O contexto era o da guerra fria e da luta "anti-comunista" pelos minerais do Congo. Note-se que a União Soviética ganhava terreno no Congo e na exploração do urânio essencial às bombas atómicas. Muitos países lutavam por garantir o domínio destes recursos minerais e no terreno era sabido existirem agências como KGB, MI6 e a CIA ao serviço dos seus países. Relatórios e testemunhos de alguns agentes no terreno apontam para a existência de gravações classificadas destes serviços de inteligência que interceptaram as comunicações dos aviões nessa noite. Nestas gravações regista-se a presença de um outro avião que provocou o acidente ao contrário da versão inicial de erro acidental do piloto. Existem ainda os testemunhos de populares e soldados que garantem ter visto dois aviões no ar.
JFK e Dag Hammarskjöld 

A investigação a este acidente continua até à actualidade em que o Secretário das Nações Unidas é o português António Guterres. No ano de 2017 foi lhe entregue um relatório que atesta as evidências de que o acidente foi causado por uma outra aeronave. Neste relatório Mohamed Chande Othman traz revelações que apontam para a possibilidade de um atentado, como por exemplo, o testemunho de um sobrevivente do acidente - Sargento Harold Julien -  que referiu ter visto chamas no céu antes da queda. 
                                       
Aumentando esta biblioteca de evidências de atentado junta-se o fornecimento de 3 aviões pelo governo francês aos rebeldes de Katanga contra as recomendações do governo americano em Fevereiro de 1961. Altura em que o jovem político John F. Kennedy dava início ao seu mandato como 35º Presidente dos EUA.  A sua agenda referente à política externa era contrária à do Presidente Eisenhower (que o precedeu).  As políticas de Kennedy para África, à semelhança de Dag Hammarskjöld opunham-se ao pensamento colonial e visavam uma aproximação gradual aos líderes das nações recém-independentes da África. As acções de JKF apostavam na criação de "um terreno comum entre os ideais de nações de terceiro mundo recém-independentes e o interesse próprio americano em meio a uma guerra fria" e das corporações internacionais. Este terreno comum levou-o a ganhar a simpatia de líderes africanos como Kwame Nkrumah and Ahmed Sekou Toure.

JFK detinha uma grande admiração pelo general sueco Hammarskjöld que descreveu como "o maior estadista do século" mesmo tendo-se oposto à política das Nações Unidas perante o Congo. Esta visão comum de dois grandes decisores mundiais assustava as multinacionais e os separatistas de Katanga que viam uma possibilidade de perder o controlo da área mais rica do mundo. Na altura os maiores interessados na exploração do urânio e cobre do Congo para além dos belgas eram as multinacionais dos Rockefellers, Guggenheims and C. Douglas Dillon.

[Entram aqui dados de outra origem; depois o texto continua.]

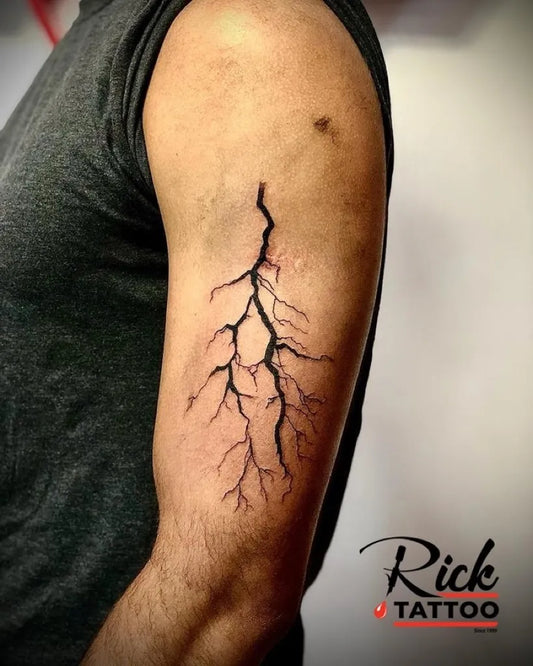 Small Blackwork Lightning Tattoo on Men Arm by @ricktattoostudiomauritius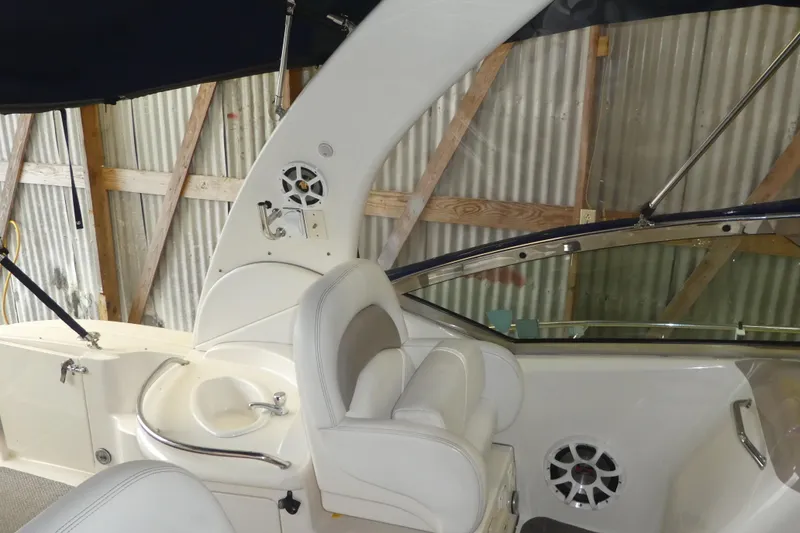 Slide: The Image of 2005 Sea Ray 340 Sundancer interior with white seating and built-in speaker system. - 6
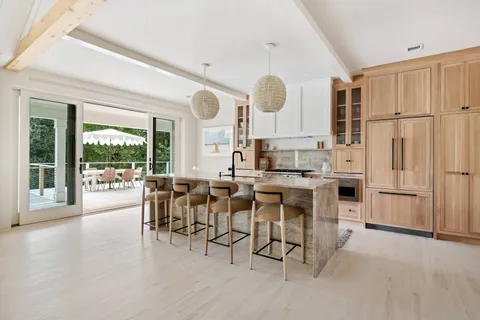 a kitchen with stainless steel appliances kitchen island granite countertop a table chairs and a view of living room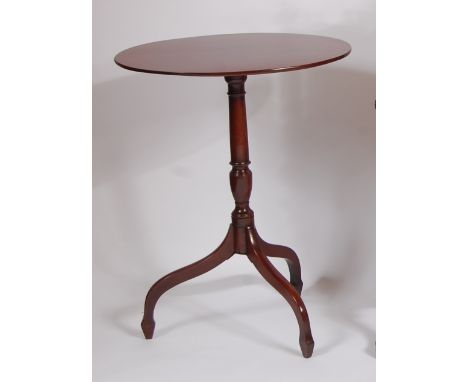 An early 19th century mahogany tilt-top pedestal tripod table, raised on turned column to umbrella legs, h.72cm, w.55.5cm, d.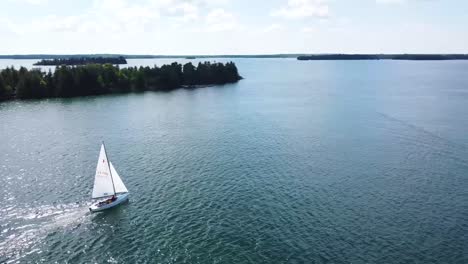 Following-Aerial-of-Sailboat-in-summer-sun---Hessel,-Michigan---Lake-Huron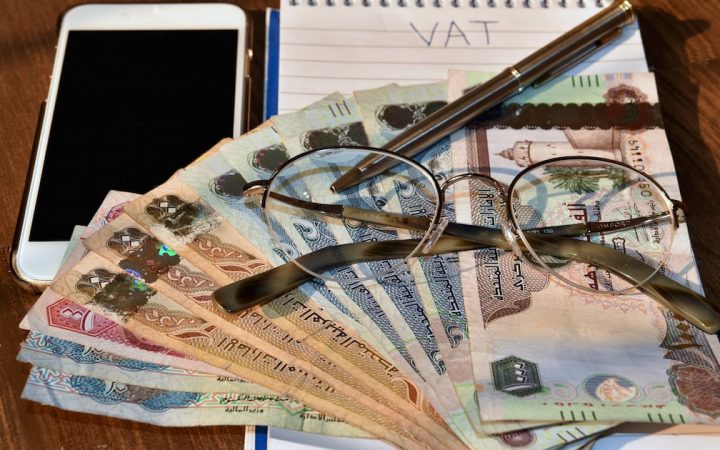 UAE dirham banknotes arranged with eyeglasses, a pen, a smartphone, and a notepad reading VAT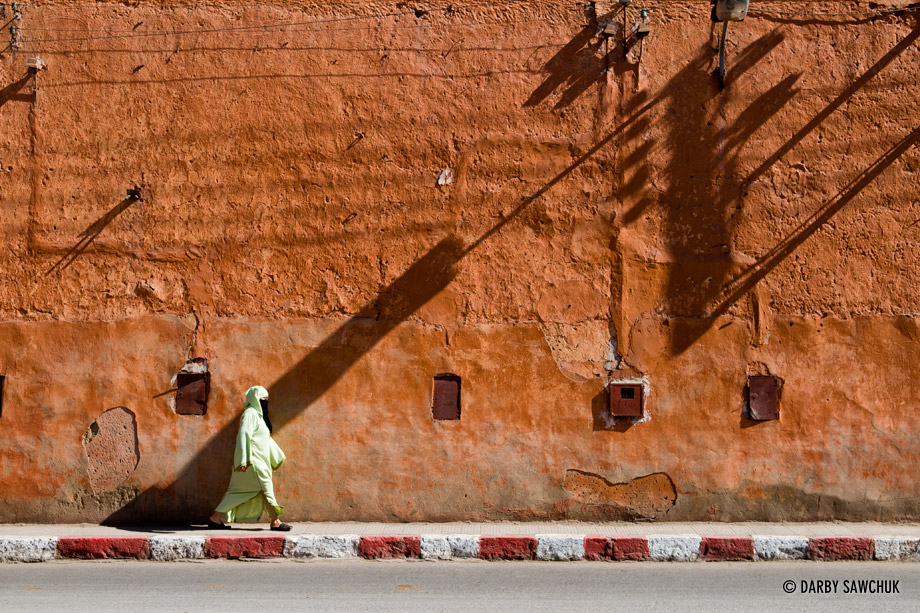 A Moroccan woman walks in front of a highly textured wall in Marrakech.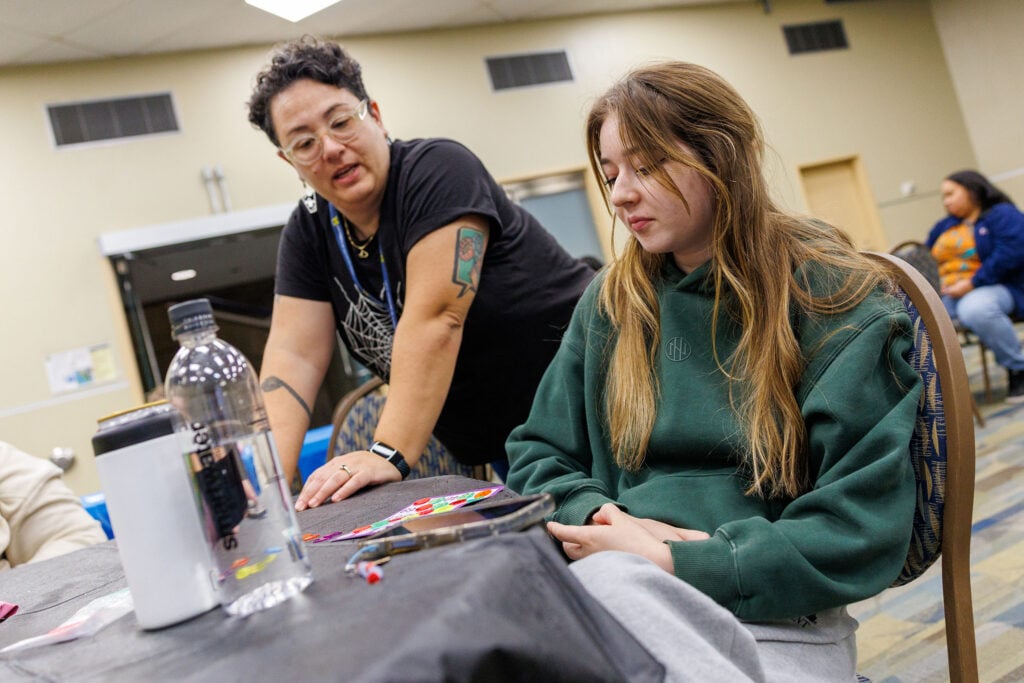 A person with short, curly hair and glasses is speaking to a young woman with long hair, who is sitting at a table. The table has a water bottle, a white container, and colorful stickers. Other people are visible in the background.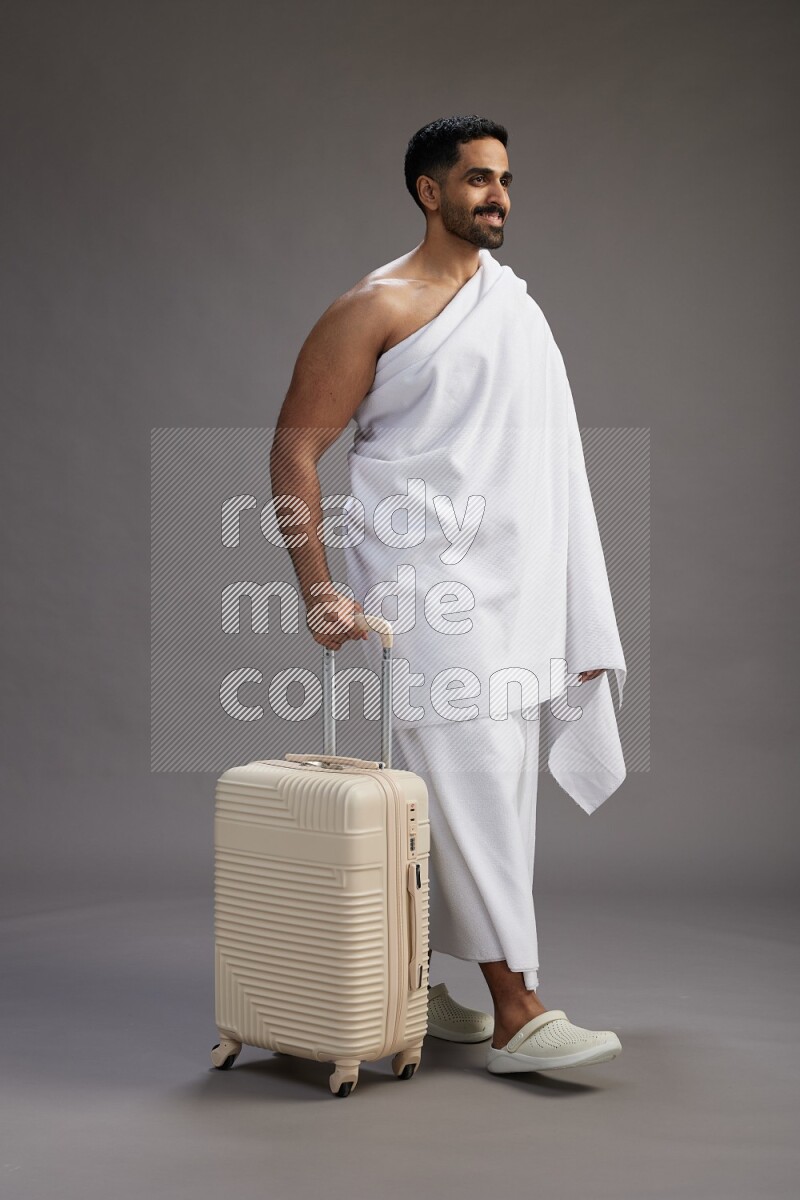 A man wearing Ehram Standing holding traveling bag on gray background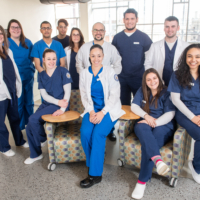 a group of nursing students pose together, many wearing dark blue scrubs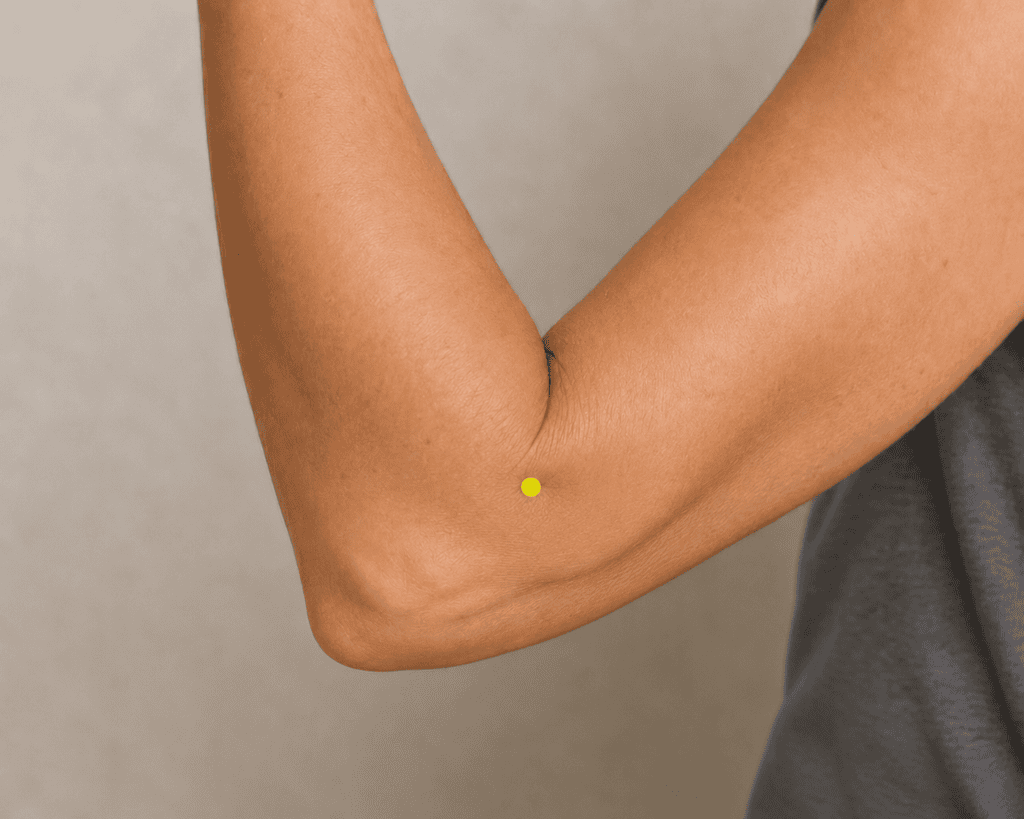 Close-up of a bent elbow with a yellow dot marker at the outer end of the elbow crease, indicating LI11.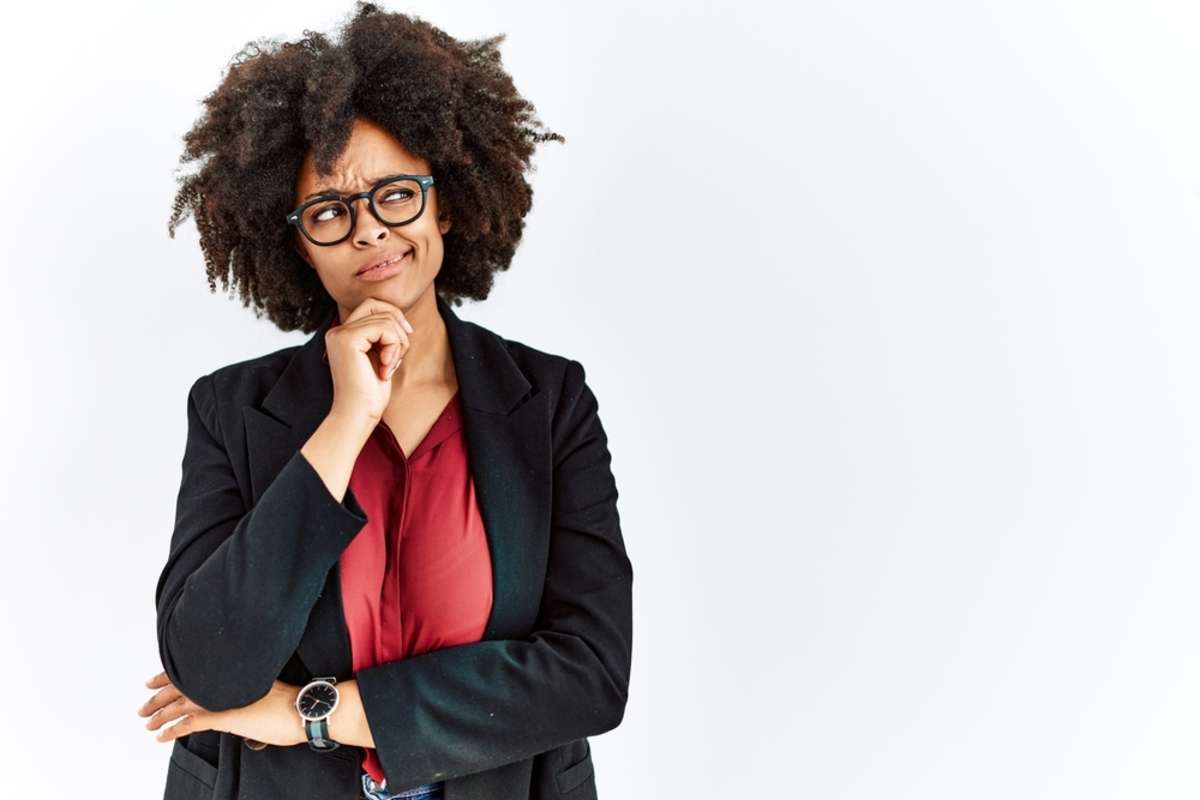 A woman with afro hair wearing a business jacket and glasses thinking, good virtual property management concept.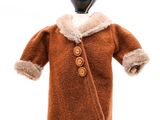 poupée vêtue d'un manteau marron et d'un chapeau à col de fourrure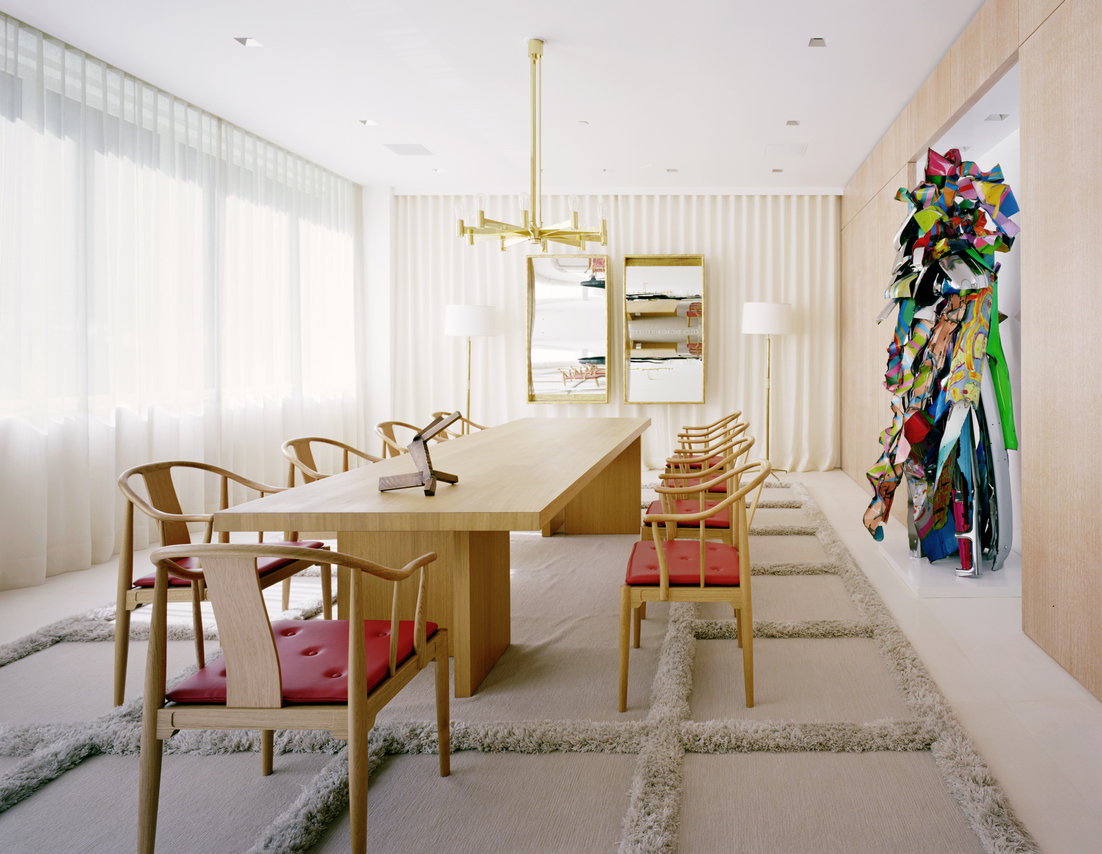 Modern dining table and chairs in oak on a beige grid-pattern carpet, two walls of white curtains, standing metal sculpture.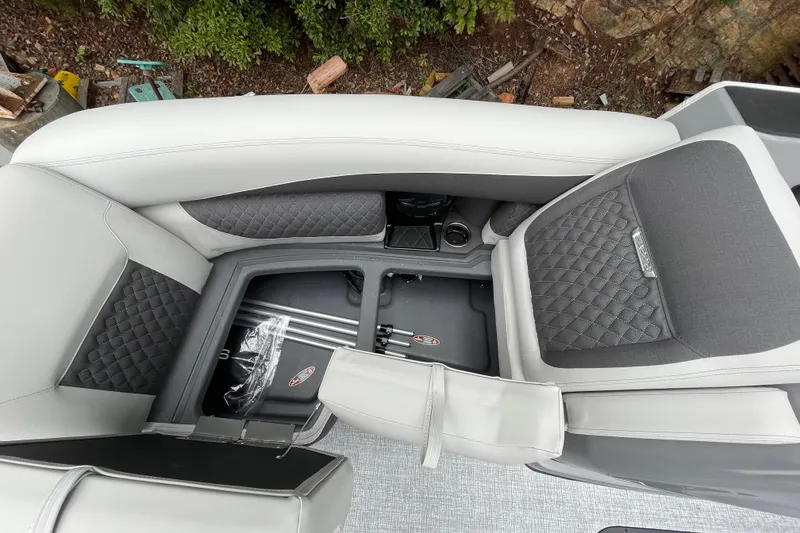 Slide: The Image of 2026 Harris Sunliner 210 boat interior with gray quilted seating and storage compartments. - 11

Hammarskjöld e Patrice Lumumba

Mesmo defendendo "a paz"  Hammarskjöld e Lumumba desentenderam-se na estratégia a adoptar para a retirada das tropas e mercenários belgas de Katanga. No entanto há registos da tristeza e sentimento de culpa de Hammarskjöld pelo homicídio de Lumumba. Como especialista na resolução do conflito armado no Congo cedo percebeu que esta morte prendia-se com a salvaguarda de interesses de países ocidentais e temia pelo povo congolês.  É no meio deste jogo de interesses que Dag Hammarskjöld planeou uma reunião para 18 de Setembro em Ndola na Zâmbia com o líder separatista de Katanga - Mose Tshombe; o encontro visava garantir a paz através do uso do exército das Nações unidas na retirada de tropas belgas e mercenários ao serviço de multinacionais do território de Katanga. No entanto, o seu avião não chegou a aterrar tendo se despenhado numa floresta perto da cidade de Ndola.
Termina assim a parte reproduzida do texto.